Reproduce exactly the line that contains "escort.it - Luna brasiliana" and every line after it through the end of the records below, leaving out all pictures.

- _RECORDS FOR THIS EXERCISE_
::::
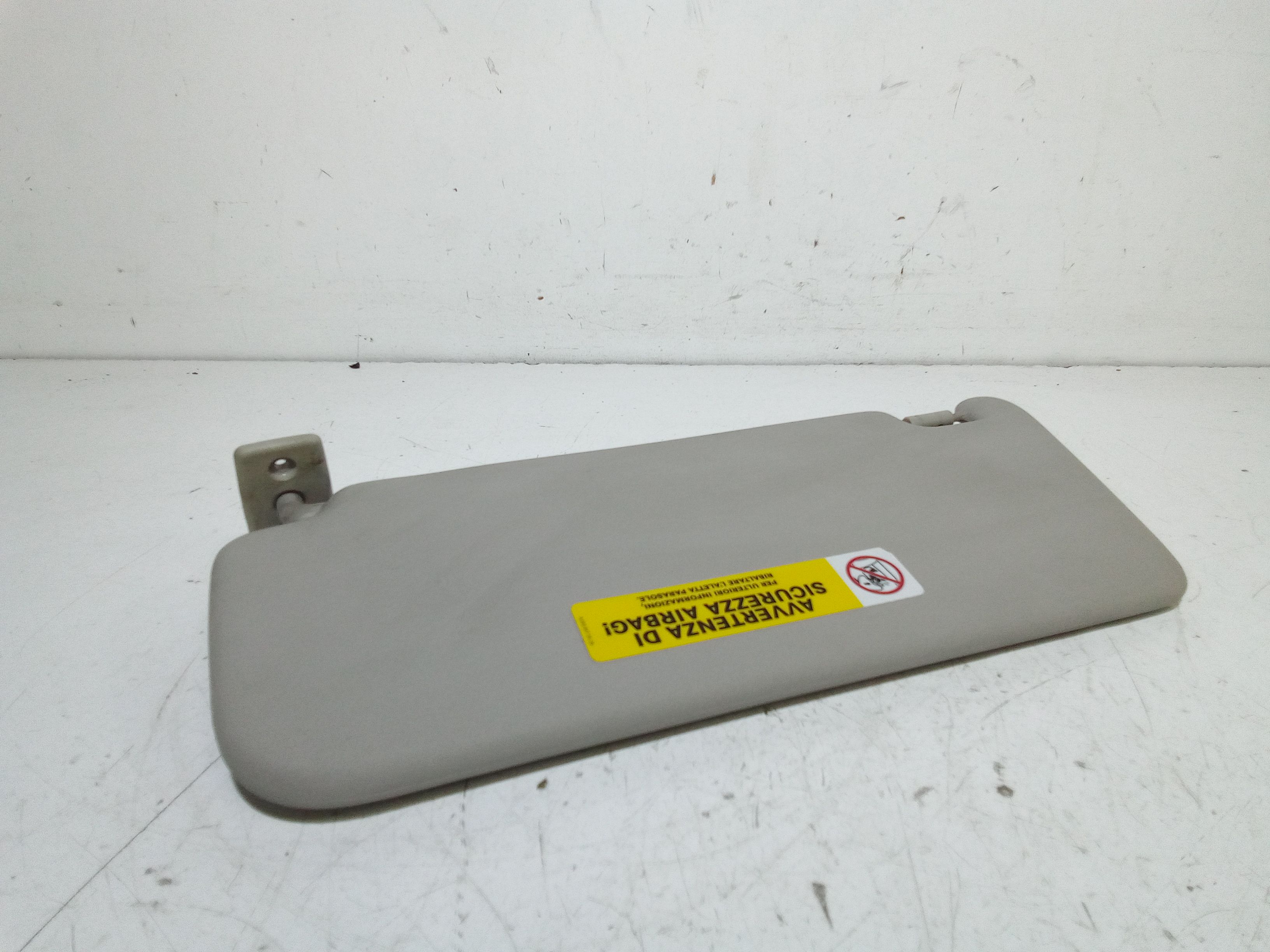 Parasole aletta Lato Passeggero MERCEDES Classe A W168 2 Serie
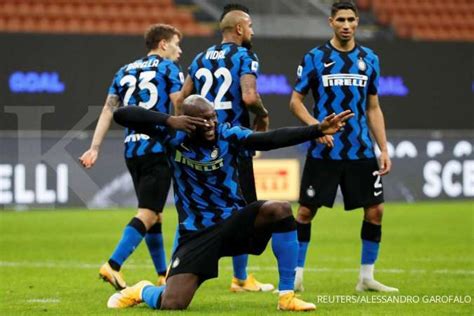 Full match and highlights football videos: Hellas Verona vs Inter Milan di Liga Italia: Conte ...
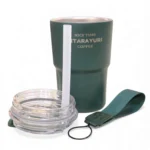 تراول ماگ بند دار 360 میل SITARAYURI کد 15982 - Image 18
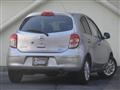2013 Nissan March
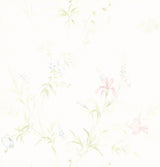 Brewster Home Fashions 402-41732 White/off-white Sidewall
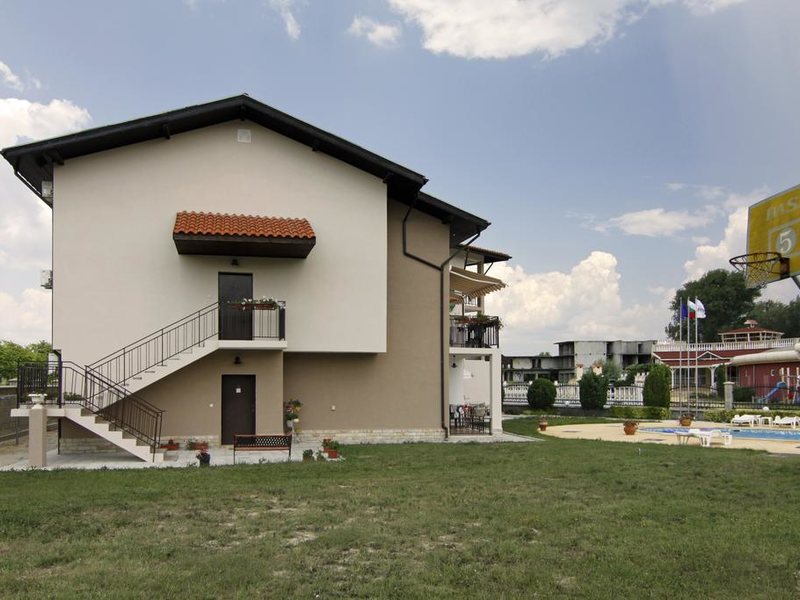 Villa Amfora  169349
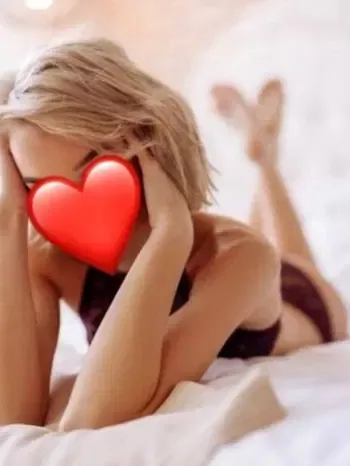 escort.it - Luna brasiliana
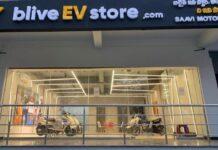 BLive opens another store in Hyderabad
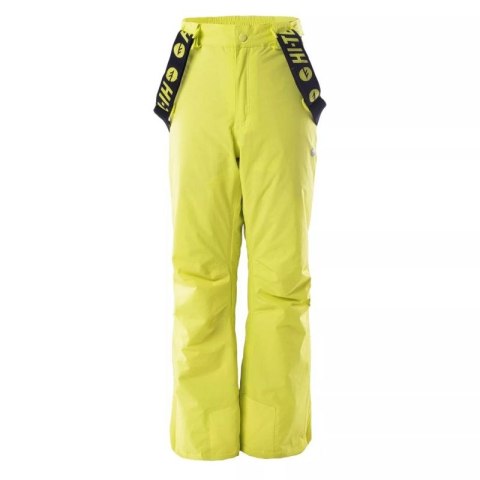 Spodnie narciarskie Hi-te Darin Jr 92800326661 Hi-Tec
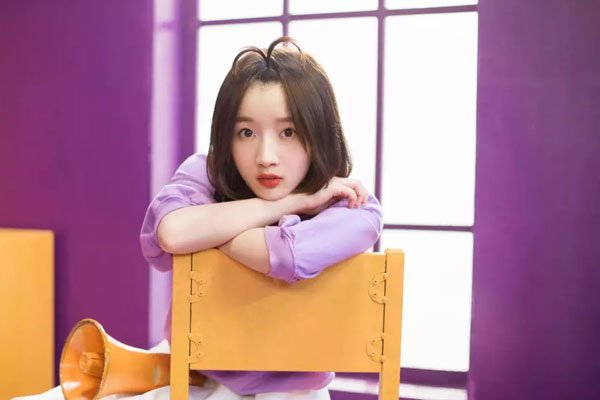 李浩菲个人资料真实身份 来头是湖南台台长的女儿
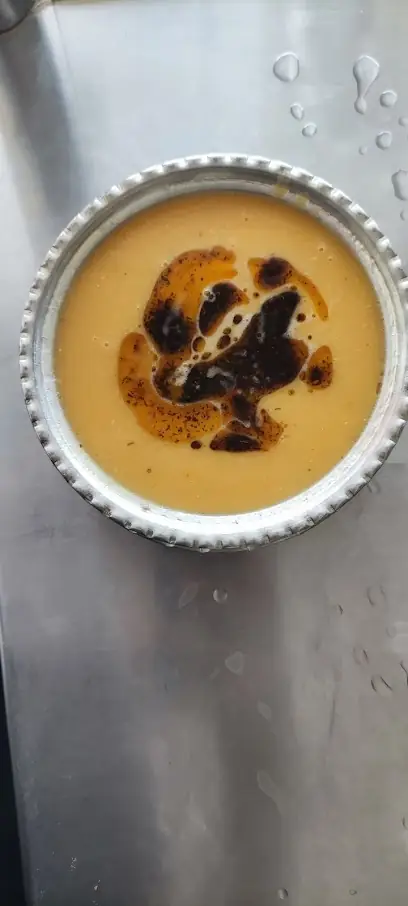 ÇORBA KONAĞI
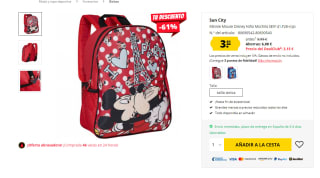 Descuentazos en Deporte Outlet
::::
- _COMPLETED TASK_
 escort.it - Luna brasiliana
 BLive opens another store in Hyderabad
 Spodnie narciarskie Hi-te Darin Jr 92800326661 Hi-Tec
 李浩菲个人资料真实身份 来头是湖南台台长的女儿
 ÇORBA KONAĞI
 Descuentazos en Deporte Outlet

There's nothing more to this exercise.